As long as it's rated for damp locations the man has a point. Throw a GFCI on it and bill the customer.


----------



## LGLS (Nov 10, 2007)

Wouldn'tth e inside of the tub space be considered a wet location?


----------



## A Little Short (Nov 11, 2010)

IslandGuy said:


> Wouldn'tth e inside of the tub space be considered a wet location?


Only if shower spray hits it, otherwise it's only a damp area.
OP said no shower so..........


----------



## Dennis Alwon (May 9, 2009)

Majewski said:


> I don't see anything for or against. If it's not in foot print or too close bla bla bla in addition to how it's powered, I guess it's fine!?


You say if it is not in the footprint or too close---Is this your opinion or do you have a code section to back it up?


----------



## hardworkingstiff (Jan 22, 2007)

Dennis, I would be asking YOU if this was code compliant, not you asking us. :laughing:


----------



## 3D Electric (Mar 24, 2013)

Dennis, I have pulled up specs for three different towel warming racks. All three are listed for damp locations and all three require gfci protection. One however does state to not install within 3 feet of a bath tub so if the mounting hardware were to come loose it would have the potential to fall into the tub. That brand is a Jeeves.


----------



## Majewski (Jan 8, 2016)

Dennis Alwon said:


> You say if it is not in the footprint or too close---Is this your opinion or do you have a code section to back it up?

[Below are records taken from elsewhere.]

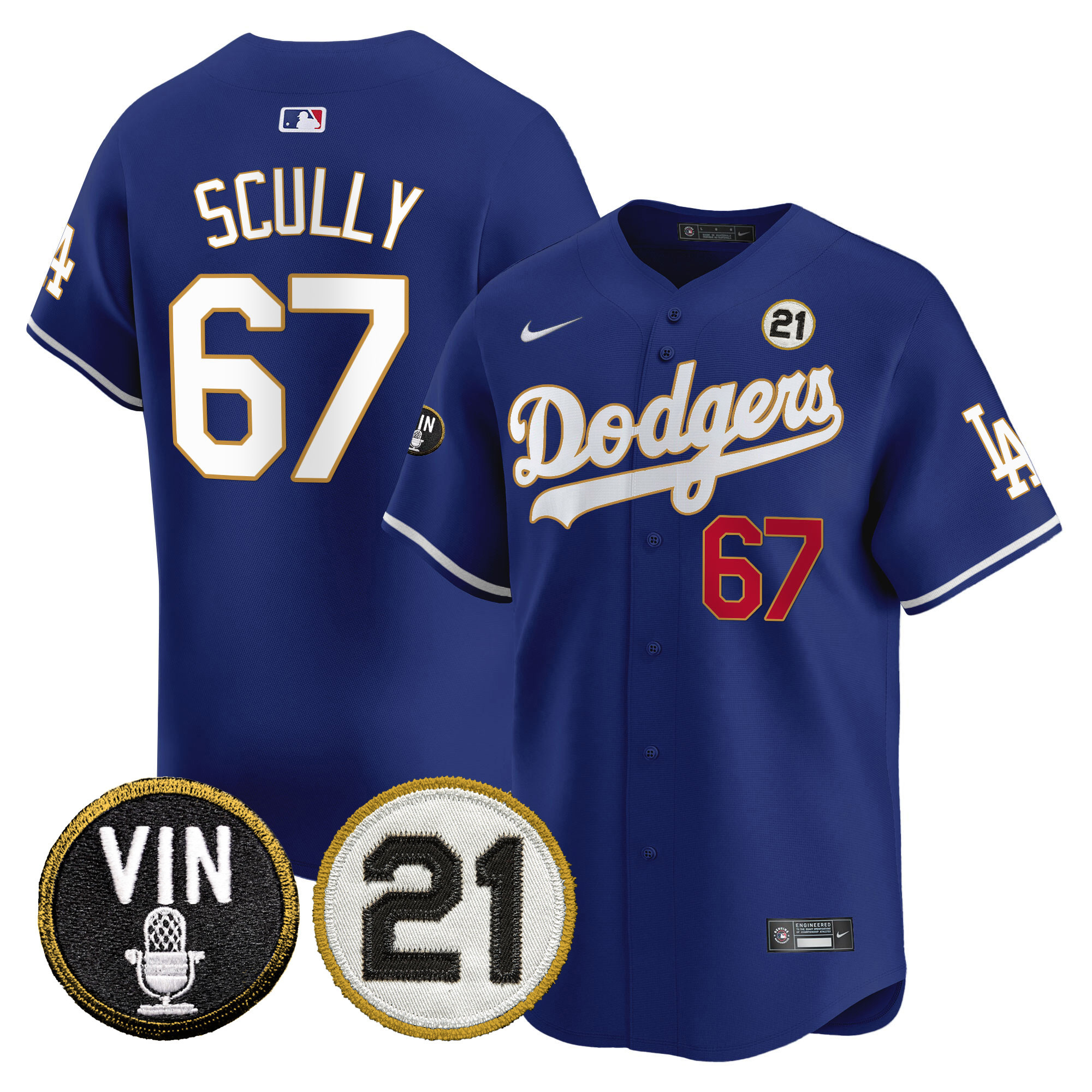 Men's Dodgers Vin & Roberto Patch Gold Trim Vapor Premier Limited Jersey - All Stitched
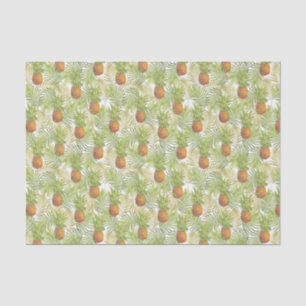 Tropical Pineapples on White Tissue Paper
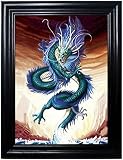 ASIAN DRAGONS FRAMED Wall Art-Lenticular Technology Causes The Artwork To Flip-MULTIPLE PICTURES IN 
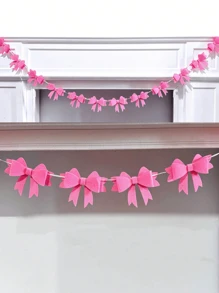 1 String Of Pink Rose Red Bow Hand-Woven Tape Pull Flower Banner Decoration, Bow Pull Flag Wedding Layout, Wedding Background Arch Decoration, Popular Layout Decoration, Non-Woven Bow Background Wall Decoration, Suitable For Birthdays, Festivals, Party Decorations, Holiday Party Gifts - Multicolor - View 1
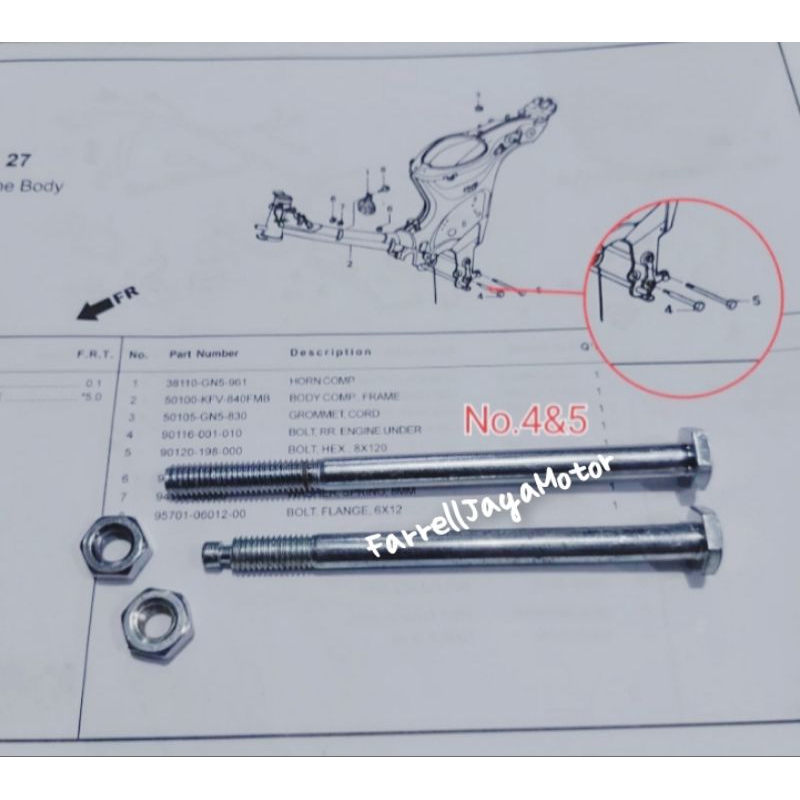 Baut Baud Gantungan Mesin Set Atas Bawah Honda Astrea Grand Prima Star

Both. It's my opinion at the moment without any reference in my memory.
But it's based off of a tub (no shower above) that I just did. Client wanted a tv above and a light switch so it's not exactly same device/equipment but it jogged my memory that I couldn't have anything in the "foot print" but an approved hard wired item gfci protected should be fine. I mean, none of us can find codes against it, not nec at least, right?

The other post is also spot on, wouldn't we normally be asking YOU for advice on this? Hehe


----------



## Dennis Alwon (May 9, 2009)

The tv over the tub is not the issue it is the receptacle. The code has rules for receptacles, switch and lights but nothing else afaik.


----------



## Dennis Alwon (May 9, 2009)

hardworkingstiff said:


> Dennis, I would be asking YOU if this was code compliant, not you asking us. :laughing:


We;ll I was pretty sure it was a matter of the manufacturers instructions and not the NEC but I thought maybe someone knew of something hidden somewhere that may relate to this.


----------



## chicken steve (Mar 22, 2011)

About the only code related _anything _i can possibly think of would be wondering if 110.3(B) and 90.4 would butt heads Denny.....

~CS~


----------



## Stonecutter (Jul 26, 2013)

It's within the tub or shower space. Move it if is not listed to be within that space. 410.10(D) for the definition of tub and shower space, 110.3(B).


----------



## oliquir (Jan 13, 2011)

IslandGuy said:


> Wouldn'tth e inside of the tub space be considered a wet location?


with kids, yes it is a wet location :laughing:


----------